Increasing the solution speed of sparse linear system

Hello,

Does Julia have any package for sparse linear solvers for LU decomposed sparse matrices that are multi-threaded?

I want to improve the solution speed of a big system which I have to solve ~500-700 times.

    using LinearAlgebra
    using SparseArrays
    function create_mat(n::Int)
        diagonal = spdiagm(0 => [1.0 for i in 1:n]) 
        off_diagonal = spdiagm(-1 => [-0.01 for i in 2:n])
        mat = diagonal + off_diagonal + off_diagonal' 
        return mat
    end
    
    
    n = 1000000 
    A = create_mat(n)
    lu_A = lu(A , check=true);

    x = randn(n);

    for i = 1:500
        x = lu_A \ x;
    end

I am interested in keeping the LU factorization.
This example appears to be solving with a single thread.
Are there any multi-threaded sparse linear solvers I can use to solve this system faster?

Best Regards

1 Like

You likely want to use BandedMatrices.jl if you have sparse matrices with a banded structure since they will give you O(n) factorization algorithms.

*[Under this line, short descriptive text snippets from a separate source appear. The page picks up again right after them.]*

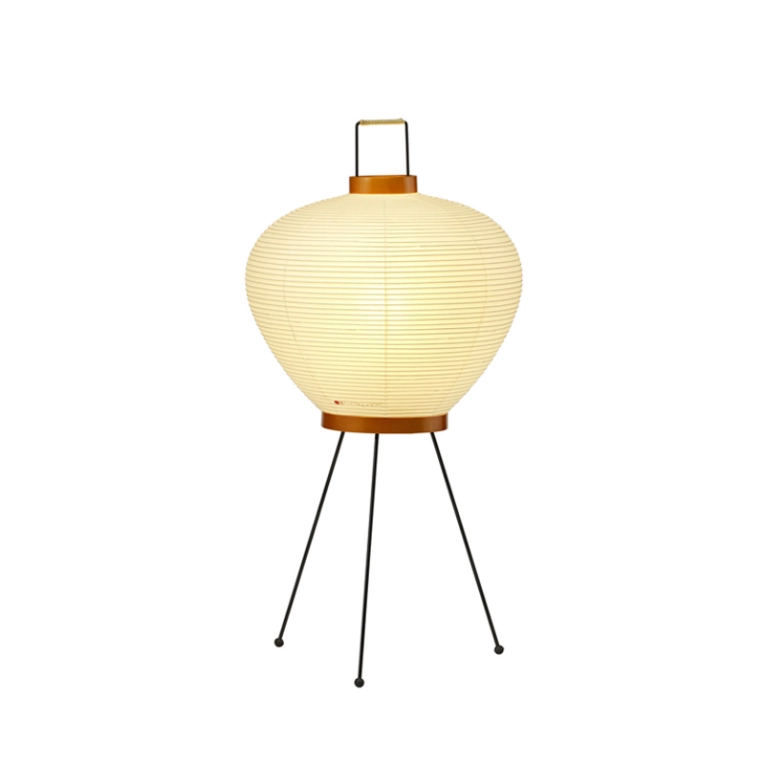 Lampe à poser AKARI 3A VITRA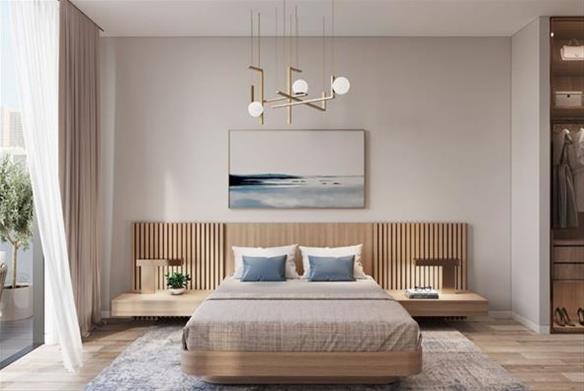 Roma Residence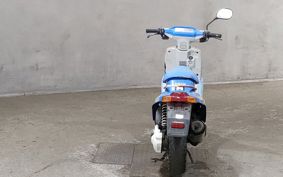YAMAHA BWS50 3AA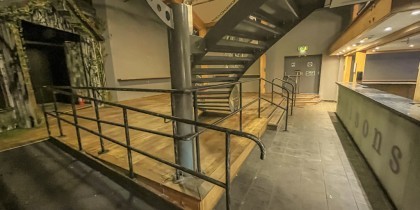 de66f633 02d4 4cdc 8b63 678e18bf7cd6_web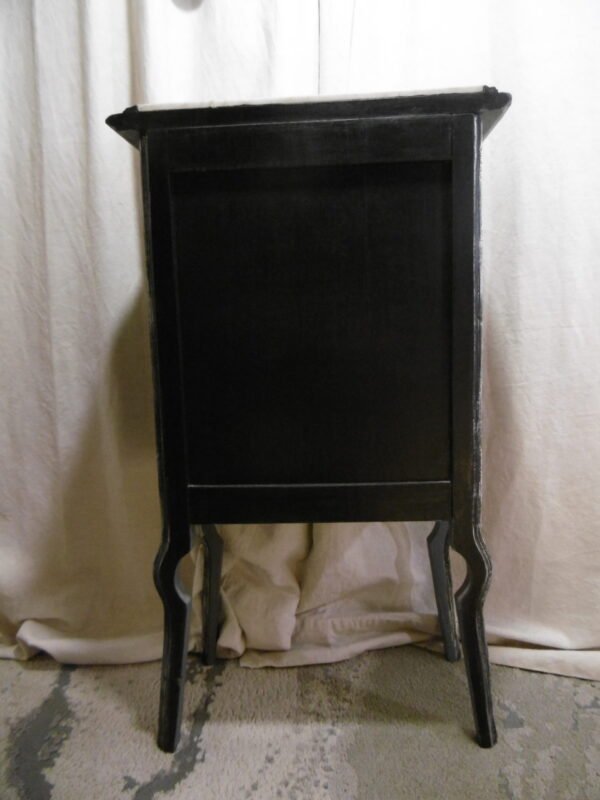 Chiffonnier aux cinq baies – Image 9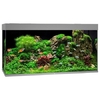 aquarium-juwel-rio-350-led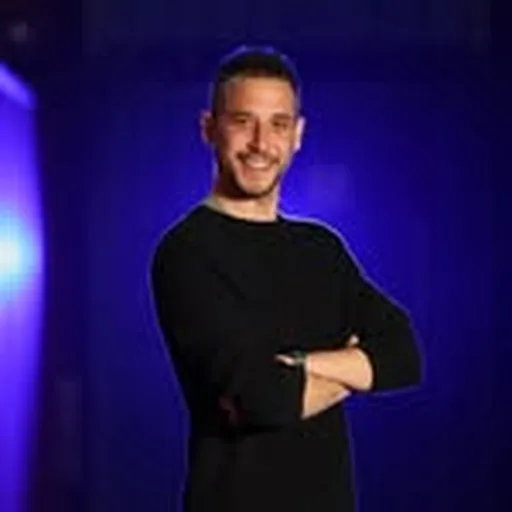 @eran_horowitz profile image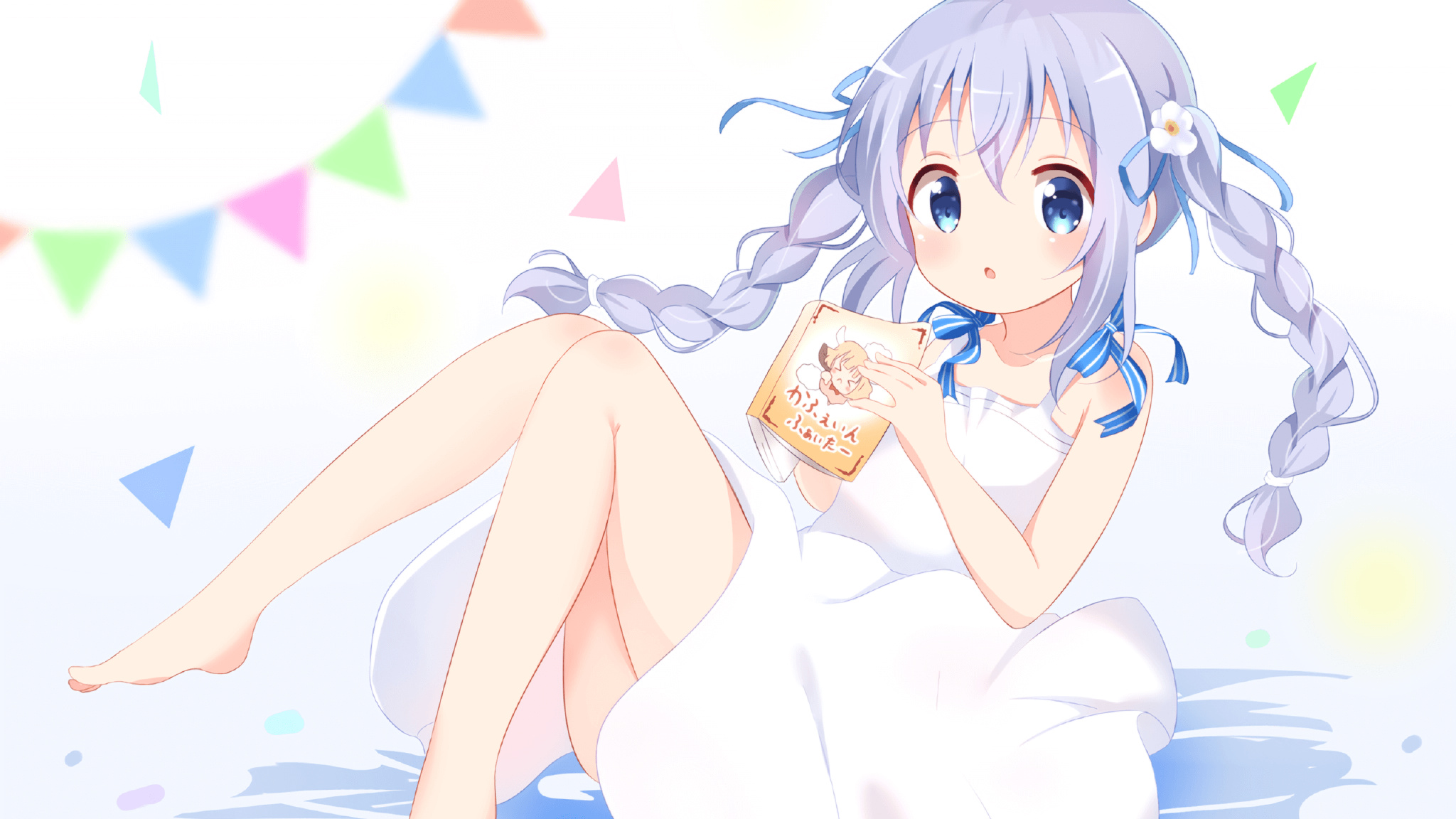 霍勒迪轰下40+10统治级数据,猛龙末节上演惊天逆转力克爵士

In this case, it will still run single threaded, but it will be a lot more efficient.

function create_band_mat(n::Int)
    return Symmetric(BandedMatrix(-1=>fill(-.01, n-1), 0=>fill(1.0,n), 1=>fill(-.01,n-1))) 
end
julia> @time A_band_chol = cholesky(A_band);
  0.098926 seconds (3 allocations: 22.888 MiB)
julia> @time A_band_chol\x;
  0.019270 seconds (2 allocations: 7.629 MiB)
2 Likes

Hi, thanks for the reply.

I would like to keep the LU factorization (my actual matrix is not exactly banded) and just increase the speed of lu_A \ x.

Given that A will remain constant. Is it possible to perform the ‘\’ operation concurrently and not in serial?

You can do all solves at once:

x=randn(n,500)

lu_A\x

or if you don’t have all x before you can at least use ldiv!(y,lu_A,x) to avoid allocations in each solve.

And the solve is multi-threaded through BLAS, but you can also try Pardiso.jl as an alternative.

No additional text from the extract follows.